May 2002   [Home]

Reviews
by Tim Scannell

Cypress Knees and Palms
by Be LaRoe
(Ten Pell, 303 Park Avenue South, #500
NYC 10010; 85pp.; $12.00; 2001).

A childhood idyll set in an orange grove in central Florida. In fifteen poems and fifteen pieces of short prose, the author dons her own 3- to 8-year-old persona and its wide-eyed tone. A warm book, in the sense that The Yearling (northern Florida), and its character Jody, were nice to experience, to still recall.

There were, of course, gator, snake and beloved pet. "Daddy was poking around in the grasses with the oar until he fished out this baby gator…it started crying, high and shrieking… 'rererere'…its little gut just pumping like a bellows." Mama gator comes, jostles the boat, bites the oar—and the baby gator gets put back! In another episode, the two approach an island: slow water, oppressive heat—airless amongst the overhanging trees: "There were thousands…writhing around the trunks and branches, hanging down and falling, water moccasins and cottonmouths, open mouths oozing venomous-looking drool, dropping into the water zigzagging all around us." They do not get out of the boat, [Daddy] "…kinda sadly nodded and took us on back out of there." A beloved German Shepherd: "I argued with him the first time he stopped and stood in front of me…froze when I saw the rattler…Shep kept leaning against my knees until I started backing up real slow. I never questioned him again." Two years later— the girl old enough for school now—Shep was bitten by a rattler on the front steps, but the vet could not save him: "I stood at the basement door, my forehead pressed into the sagging screen and cried. I didn't even get to say goodbye."

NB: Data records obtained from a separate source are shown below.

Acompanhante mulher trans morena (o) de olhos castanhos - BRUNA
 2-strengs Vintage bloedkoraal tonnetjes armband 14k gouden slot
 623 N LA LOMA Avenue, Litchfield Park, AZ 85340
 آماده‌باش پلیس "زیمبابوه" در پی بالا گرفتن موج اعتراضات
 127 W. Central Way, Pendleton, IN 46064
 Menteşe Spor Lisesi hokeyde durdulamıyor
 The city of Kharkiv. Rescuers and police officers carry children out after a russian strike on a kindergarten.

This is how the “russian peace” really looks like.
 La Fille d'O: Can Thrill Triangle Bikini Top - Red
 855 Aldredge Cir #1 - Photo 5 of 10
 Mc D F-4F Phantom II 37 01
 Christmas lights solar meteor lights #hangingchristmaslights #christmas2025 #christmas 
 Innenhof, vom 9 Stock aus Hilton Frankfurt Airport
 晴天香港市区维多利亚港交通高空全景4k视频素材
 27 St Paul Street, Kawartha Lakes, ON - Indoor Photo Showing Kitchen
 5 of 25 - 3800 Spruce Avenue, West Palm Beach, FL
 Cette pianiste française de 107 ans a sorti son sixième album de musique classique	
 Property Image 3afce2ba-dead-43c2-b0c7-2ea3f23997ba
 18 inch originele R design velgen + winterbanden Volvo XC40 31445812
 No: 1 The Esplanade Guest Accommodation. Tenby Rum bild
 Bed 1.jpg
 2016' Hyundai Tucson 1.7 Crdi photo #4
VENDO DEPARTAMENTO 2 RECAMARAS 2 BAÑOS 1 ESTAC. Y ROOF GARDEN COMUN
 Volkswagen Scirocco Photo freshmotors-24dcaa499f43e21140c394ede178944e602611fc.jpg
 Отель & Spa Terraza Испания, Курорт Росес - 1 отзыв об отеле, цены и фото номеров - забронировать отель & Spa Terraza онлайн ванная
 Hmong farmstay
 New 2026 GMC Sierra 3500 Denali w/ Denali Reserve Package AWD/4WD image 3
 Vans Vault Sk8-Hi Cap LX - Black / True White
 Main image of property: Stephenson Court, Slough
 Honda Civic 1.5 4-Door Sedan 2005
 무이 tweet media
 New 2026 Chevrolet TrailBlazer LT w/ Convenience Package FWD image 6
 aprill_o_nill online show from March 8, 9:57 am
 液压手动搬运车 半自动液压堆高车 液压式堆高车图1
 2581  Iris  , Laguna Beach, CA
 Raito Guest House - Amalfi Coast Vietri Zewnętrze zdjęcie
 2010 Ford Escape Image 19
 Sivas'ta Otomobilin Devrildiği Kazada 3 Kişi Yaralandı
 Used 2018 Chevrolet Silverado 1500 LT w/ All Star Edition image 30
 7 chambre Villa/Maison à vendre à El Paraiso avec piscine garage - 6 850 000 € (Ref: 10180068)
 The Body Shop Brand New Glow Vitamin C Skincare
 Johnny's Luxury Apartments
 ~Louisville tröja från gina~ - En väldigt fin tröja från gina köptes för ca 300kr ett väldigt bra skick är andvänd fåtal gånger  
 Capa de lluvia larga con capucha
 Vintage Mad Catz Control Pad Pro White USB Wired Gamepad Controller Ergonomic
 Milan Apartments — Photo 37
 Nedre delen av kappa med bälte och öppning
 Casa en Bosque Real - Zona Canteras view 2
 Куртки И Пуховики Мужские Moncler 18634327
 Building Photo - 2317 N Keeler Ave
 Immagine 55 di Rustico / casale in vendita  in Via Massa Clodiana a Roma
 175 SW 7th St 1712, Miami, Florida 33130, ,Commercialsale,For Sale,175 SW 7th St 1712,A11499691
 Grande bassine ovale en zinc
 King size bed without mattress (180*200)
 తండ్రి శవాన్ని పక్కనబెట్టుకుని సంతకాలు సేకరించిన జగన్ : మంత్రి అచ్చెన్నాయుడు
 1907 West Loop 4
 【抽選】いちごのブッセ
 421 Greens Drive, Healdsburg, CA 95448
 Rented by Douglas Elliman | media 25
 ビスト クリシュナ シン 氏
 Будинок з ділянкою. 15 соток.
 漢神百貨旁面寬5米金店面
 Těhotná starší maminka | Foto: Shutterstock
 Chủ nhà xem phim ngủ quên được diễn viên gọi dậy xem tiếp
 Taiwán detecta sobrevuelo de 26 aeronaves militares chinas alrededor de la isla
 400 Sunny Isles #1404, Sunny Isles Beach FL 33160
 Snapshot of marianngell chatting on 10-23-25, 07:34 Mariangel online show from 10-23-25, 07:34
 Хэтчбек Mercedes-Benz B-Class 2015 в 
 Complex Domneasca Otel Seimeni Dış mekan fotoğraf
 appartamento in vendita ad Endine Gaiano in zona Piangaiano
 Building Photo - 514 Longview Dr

Many other fine vignettes/poems: riding the tractor, grandmother visiting, city cousins who had everything (TV, stereo, washer/dryer); and finally, in 1962, a freeze that destroyed the entire grove — "80 acres of dead orange trees" — after which, "Dad went back to long haul trucking…we didn't see him for three to six months at a time."

In a final 5-page poem, Be LaRoe (living in Manhattan) sheds the persona/tone of childhood, sums up the ensuing 40 years in "Tobacco Country Retirement " (she visits her father):

arm in arm
pale city skin against redneck tan
it's an old routine
only the melanoma scars are new
he pulls up his pants leg / to compare our blue-white legs
his are hairless now /
no bigger round than my forearm…

he gives me his Zippo lighter…

[parents in a] luxury condo on St. Andrew's Bay….

The orange grove is gone, and "Granddaddy's & Grandmommy's" 1930's house is abandoned (one of a dozen b/w photos illustrating the book show it drowning in Florida greenery — in 2000); yet Be LaRoe's childhood shines through, not sentimentally, but in a joyous celebration of what is eternally True. And there is a color photo of a pink flamingo on the back cover: irresistible!